Nursing Diagnosis: Risk for Decreased Cardiac Output
Related to:
- Disease process
- Blood loss
- Altered afterload
- Altered heart rate
- Altered heart rhythm
- Altered stroke volume
As evidenced by:
A risk diagnosis does not have defining signs and symptoms as the problem has not yet occurred. Nursing interventions are focused on prevention.
Expected outcomes:
- Patient will maintain vital signs within normal limits, adequate urine output, and sufficient tissue perfusion.
- Patient will maintain a stable cardiac rhythm without signs and symptoms of decreased cardiac output.
Assessment:
- Assess Heart Rate and Rhythm: Monitor heart rate and rhythm for compensatory tachycardia, a common response to low blood pressure and bleeding.
- Monitor Complete Blood Count: Track CBC results, although initial hemoglobin and hematocrit levels may not immediately reflect the extent of blood loss. These provide a baseline for guiding treatment. Hematocrit may initially be normal but will decline 4-6 hours post fluid replacement.
- Assess BUN Level: Monitor blood urea nitrogen (BUN) levels, which typically increase significantly in GI bleeding due to the breakdown of proteins by gastrointestinal bacteria during significant hemorrhage.
Interventions:
- Monitor Urine Output: Measure urine output as a key indicator of vital organ perfusion. Insert an indwelling catheter for accurate monitoring. Decreased urine output can indicate reduced cardiac output and kidney perfusion.
- Perform Hemodynamic Monitoring: Utilize hemodynamic monitoring to assess blood circulation and heart function, especially in patients with GI bleeding. Accurately and promptly assess blood pressure and fluid resuscitation effectiveness.

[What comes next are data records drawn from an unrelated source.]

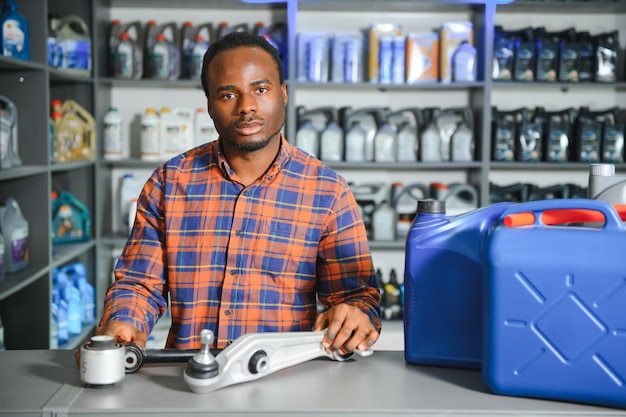 Photo seller man with canister of motor oil in auto store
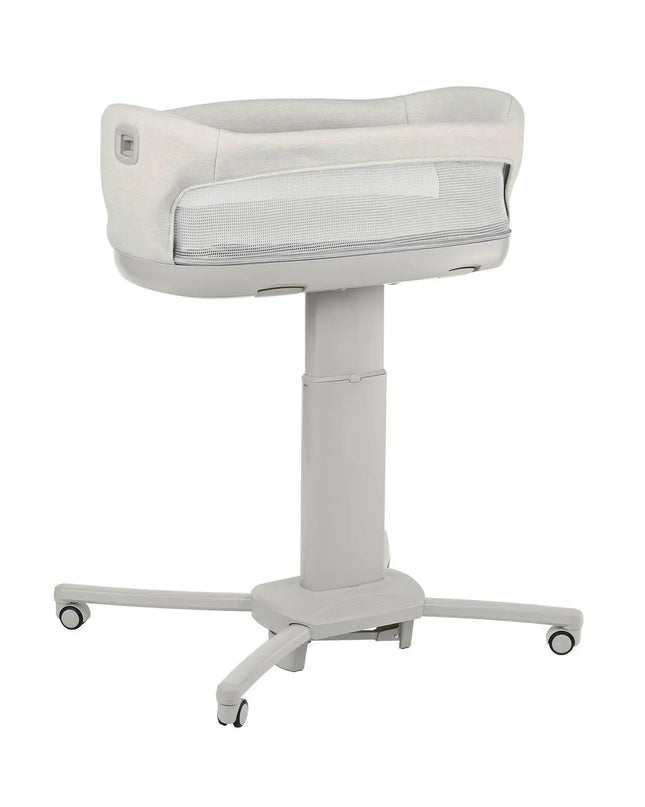 White baby bassinet with wheels on a white background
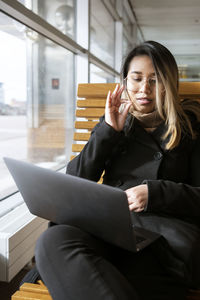 Woman at train station using laptop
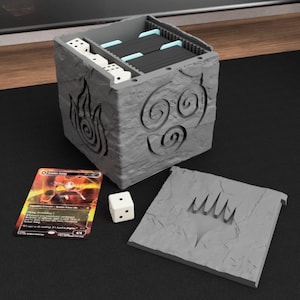May include: A gray, stone-textured card and dice storage box with carved symbols and a removable lid. The box holds cards, dice, and a trading card. The card features an illustration of a character. A white die is next to the box.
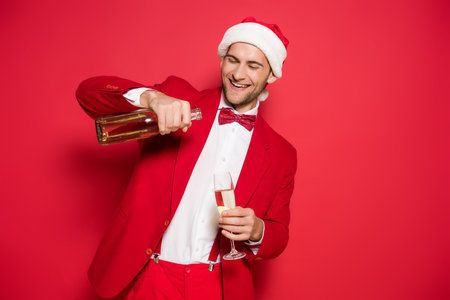 Smiling man in santa hat and suit pouring champagne in glass on red backgroundの写真素材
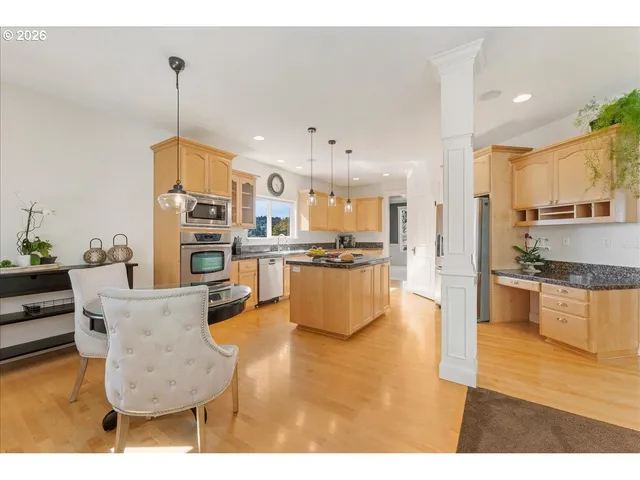 a open kitchen with cabinets and stainless steel appliances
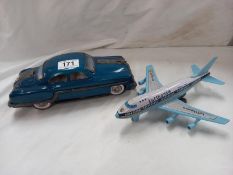 A Japanese tinplate and plastic aeroplane and a large tin plate car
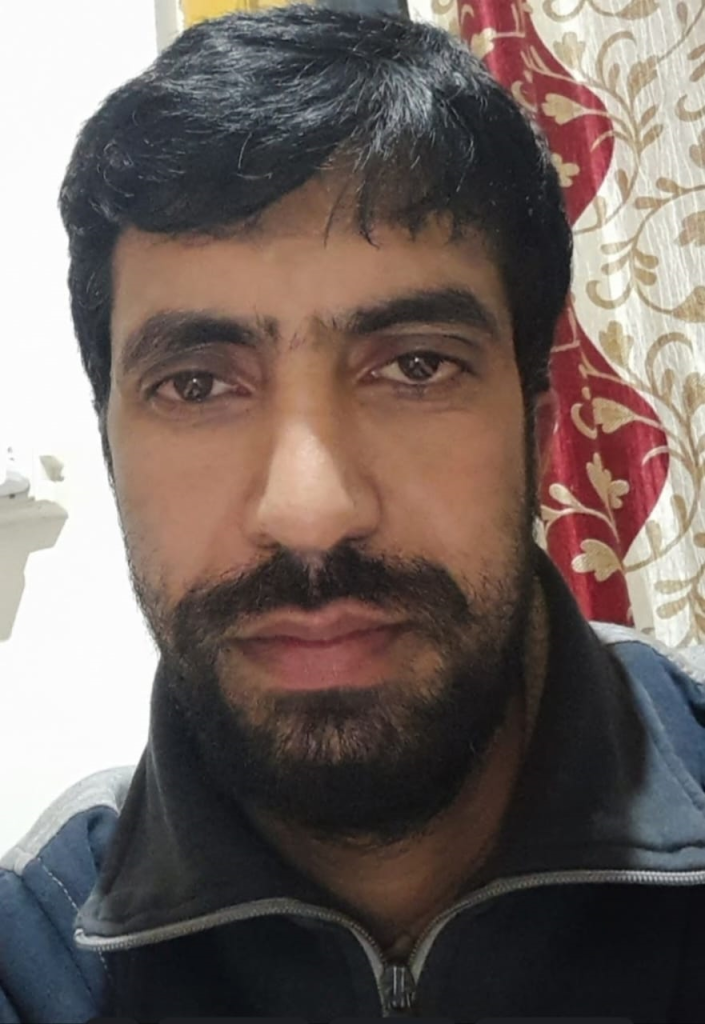 Young South Asian man with short brown hair and a dark trimmed beard and mustache. He's got a blue coat with a zipper. Behind him is a red and white and tan floral curtain.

- Administer Supplemental Oxygenation: Provide supplemental oxygen to prevent and correct hypoxemia in patients at risk for decreased cardiac output, increasing blood oxygen saturation.
- Administer Intravenous Fluids: Administer IV fluids, typically isotonic crystalloid solutions like lactated Ringer’s, to address fluid and electrolyte imbalances and prevent decreased cardiac output.
- Prepare and Initiate Blood Transfusions: Prepare for and initiate blood transfusions as ordered, using whole blood, packed red blood cells, or fresh frozen plasma for fluid volume replacement to prevent decreased cardiac output.
- Prepare for Surgical Intervention: Prepare the patient for possible surgical intervention, such as endoscopy to repair and resolve bleeding, if GI bleeding is severe and to prevent further circulatory compromise.
- Administer Drug Therapy: Administer prescribed medications during the acute phase to reduce bleeding, decrease hydrochloric acid secretion, and neutralize stomach acid, as an acidic environment can impair platelet function and worsen bleeding and cardiac output.